Consumers and business groups had fought the tech tax that had many companies considering moving their offices over state lines. Republicans aimed to offset the computer tax repeal by slowing the rate of growth in state spending to 3.7% from the Governor’s planned 5.9%. But Democrats who dominate the legislature jammed through the income tax hike after defeating five attempts to repeal the tech tax without it.
The surcharge continues Maryland’s march up the ladder from a low- to high-tax state. Two years ago Maryland had a low flat tax rate of 4.75% on income of more than $3,000. Last year it made the code more progressive, raising the rate to 5% on single filers earning more than $150,000 and the top rate to 5.5% on those over $500,000. State pols also raised the corporate tax rate to 8.25% from 7%, and the sales tax to 6% from 5%.
As California and New Jersey have shown, a steeply progressive income tax makes state revenue highly dependent on relatively few earners. In good times, those earners do well and the pols spend the excess revenues. But in slowdowns, the state quickly finds itself in deficit, and, true to this form, Maryland’s pols now find themselves on the New Jersey ratchet to ever higher rates.
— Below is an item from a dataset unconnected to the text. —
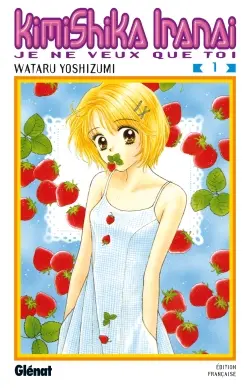Kimi shika iranai : je ne veux que toi. Vol. 1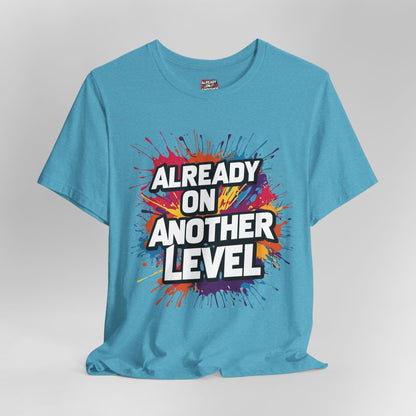 Already on Another Level - Colorful Motivational T-Shirt - Fitness Gym Tee - XS-4XL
As state Senate Minority Whip Allan Kittleman pointed out, many of Maryland’s so-called millionaires are actually small businesses that pay taxes through their proprietor’s personal tax returns. With the state’s economy struggling, wise money would avoid cudgeling a sector that has grown to more than 440,000 small businesses statewide. They now have another incentive to move to Delaware.
The only thing that might save Delaware’s economy is that the Democrats in surrounding states understand economics even less than ours do.